Hunched, pale, a streak of yellowish mud painted across her cheek like a tribal cicatrice, she just shrugs. “I don’t know,” she says after a moment, and here’s that stab at a smile again — a good sign, a very good sign—“I’m afraid I’m more of a city girl. But anything for a story, right?”

And now Kelly speaks up — Kelly, definitely Kelly, with her PETA patch and her moon face and pinched disapproving lips. It comes to him that she looks nothing like Suzanne, at least not facially. “What about mudslides,” she says. “I mean, the possibility of a mudslide? You see that depression there, that bowl?” She points to the long scooped-out incline they’ll have to traverse to get up-canyon. “That was a massive slide at one time, you can see it.”

“Yeah, well, we’re just going to have to take that chance, because I’ve been out in weather like this a thousand times — I mean, haven’t you? Haven’t we all? And it might put the pig killers off for a day or two, but you know they’re sitting back oiling their rifles. Just waiting.”

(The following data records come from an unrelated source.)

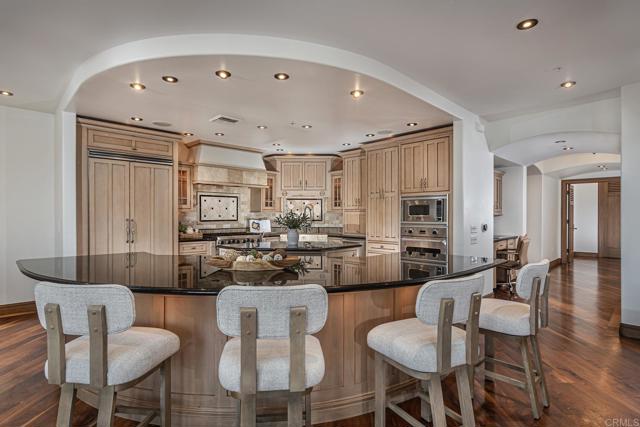 Detail Gallery Image 15 of 65 For 120 C Ave #303,  Coronado,  CA 92118 - 2 Beds | 2 Baths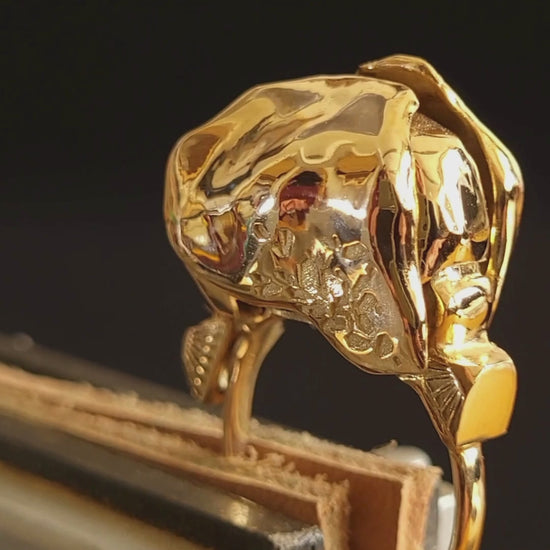 Gold ring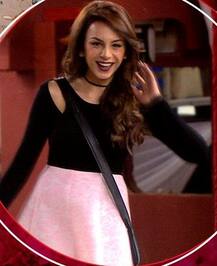 IN PICS: Nitibha Kaul RE-ENTERS 'Bigg Boss 10' before FINALE; Manveer says 'he MISSED her a lot' !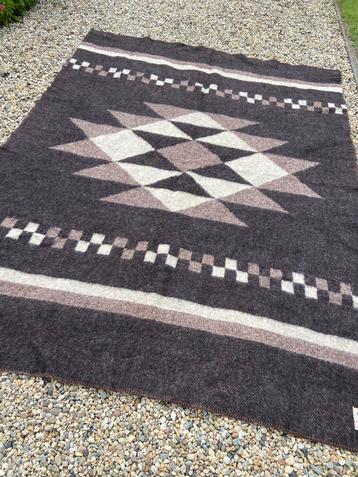 Wollen deken 175x230 Aabe zuiver scheerwol vintage zgan beschikbaar voor biedingen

The rain chooses that moment to intensify, a sudden ratcheting up of the ante. His hair hangs limp beneath the sodden cap, drip, drip, drip. He wants to be reasonable, wants to control these people by controlling himself, but that isn’t an option, not anymore. “Fuck it. I’m not going to stand around debating. You want to stay here, stay, be my guest. But I’m out of here, right now, right this minute.” And he’s moving suddenly, dropping down the slope on the other side, riding a sludge of loose stone and mud in exaggerated steps, so worked up he never even bothers to see if they’re following him — but they are, he knows they are. They have to be.

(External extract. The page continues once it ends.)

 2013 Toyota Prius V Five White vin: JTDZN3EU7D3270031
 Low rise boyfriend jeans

Half an hour later, the rain still coming down and the churning dark water in the ravine rising by the minute, he begins to have second thoughts. He’s feeling the strain in the long muscles of his thighs, the sleeves of his sweatshirt are mud to the elbow because there’s no way to do this without using your hands, and his ankles throb from the effort of maintaining balance on a forty-five-degree slope. And he’s in shape. Which is more than he can say for Toni Walsh or the two pear-shaped girls or even Josh. They’re all strung out behind him in single file, fifty feet above the waterline, grasping at whatever fixed object they can — whether it has thorns or not — to keep themselves upright, and nobody’s saying anything. Cammy’s right behind him, pushing him even, followed by the two girls, then Toni Walsh (gray-faced, wet to the bone, looking like one of the risen dead), and Josh bringing up the rear so he can keep an eye on her. They must have gone half a mile — they’re almost to the first of the waterfalls, where at least they’ll be able to get out of the mud — and they haven’t seen any sign of pigs, hunters, foxes, ravens or anything else. They might as well be on the backside of the moon. Except it doesn’t rain on the moon. And there’s no mud.

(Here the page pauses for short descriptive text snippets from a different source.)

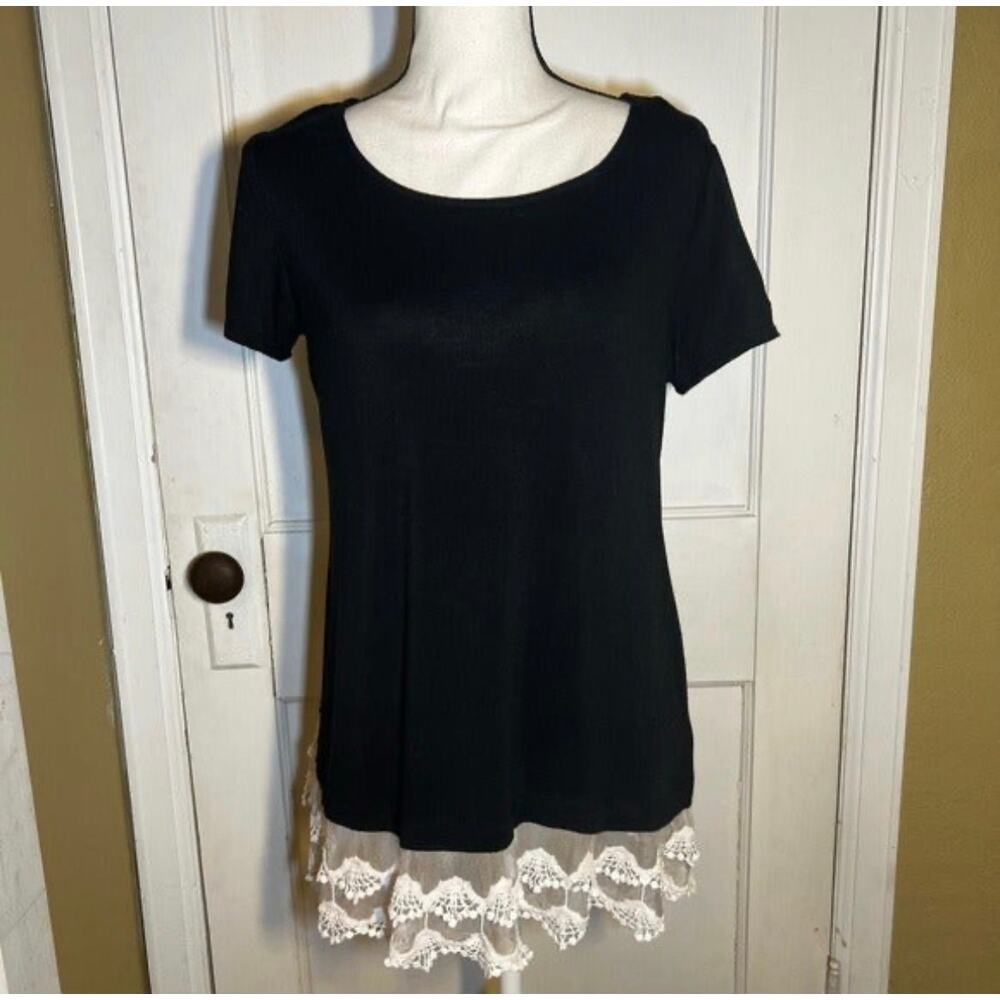 Women's Classy Black Short Sleeve AGB T-Shirt White Bottom Lace Contrast Size M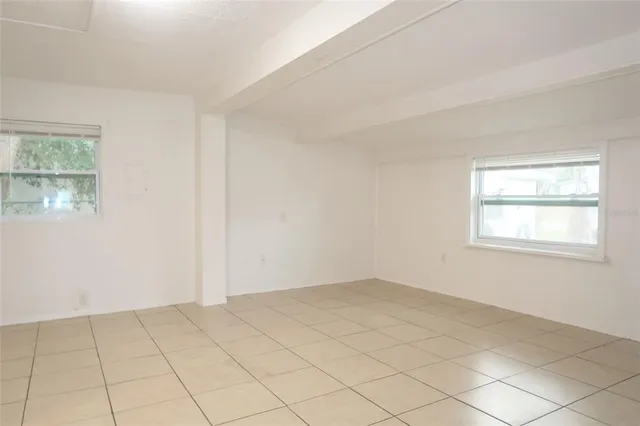 $1,095 | 4829 6th Street, Zephyrhills, FL 33542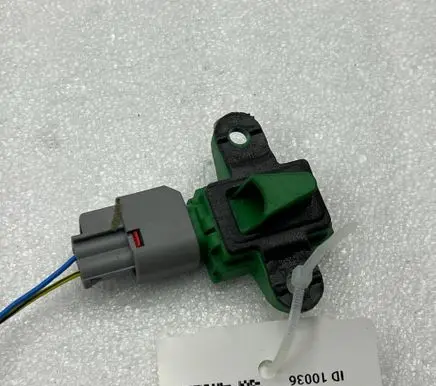Suzuki Vitara (LY) Airbag deployment crash/impact sensor 3893061M10
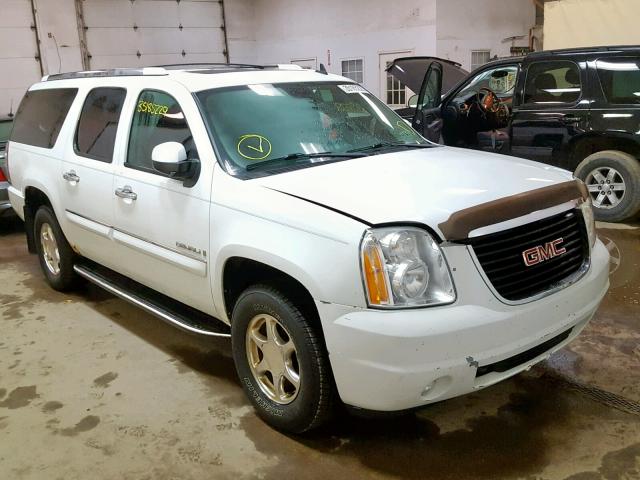 1GKFK66818J187604 - 2008 GMC YUKON XL D WHITE photo 1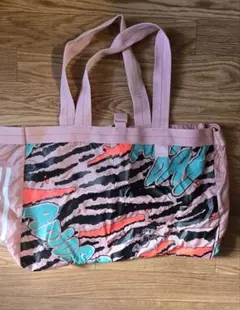 adidas グラフィックナイロントートバッグ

The surprise has been Toni Walsh. He’s been expecting her to give out ever since they began to work their way down the first hill, but every time he glances back, there she is, head down, plodding along. Still, he’s thinking, how much more of this can she take? They need to get up out of the canyon — and soon. Or find a place where she can lie up while he and Josh or Cammy scout ahead, looking for anything that’ll make it worth her while to go on. He’s scanning the terrain where the canyon begins to narrow three or four hundred yards ahead of them — rock and more rock, everything trenched and gouged and spilling with water — when he spots an overhang projecting from the side of the hill like an outsized awning. Encouraged—Finally, he’s thinking — he swings round on Cammy and points emphatically before calling out to the others. “Up there,” he shouts, watching their eyes lift from the vacancy of their faces. “We’ll take a break.”